__Exercise description__.
What appears from the first line of the records below through the line containing "Sushi Salad ·" must be reproduced verbatim.

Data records
☆ ☆ ☆ ☆ ☆ ☆ ☆
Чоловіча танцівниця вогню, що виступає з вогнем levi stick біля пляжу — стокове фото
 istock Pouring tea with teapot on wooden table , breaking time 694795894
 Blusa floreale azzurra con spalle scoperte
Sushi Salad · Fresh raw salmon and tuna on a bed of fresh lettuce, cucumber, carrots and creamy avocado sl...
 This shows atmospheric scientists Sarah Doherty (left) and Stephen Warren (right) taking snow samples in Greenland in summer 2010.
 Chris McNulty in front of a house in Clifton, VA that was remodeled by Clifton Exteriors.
☆ ☆ ☆ ☆ ☆ ☆ ☆
__Answer to the exercise__.
Чоловіча танцівниця вогню, що виступає з вогнем levi stick біля пляжу — стокове фото
 istock Pouring tea with teapot on wooden table , breaking time 694795894
 Blusa floreale azzurra con spalle scoperte
Sushi Salad · Fresh raw salmon and tuna on a bed of fresh lettuce, cucumber, carrots and creamy avocado sl...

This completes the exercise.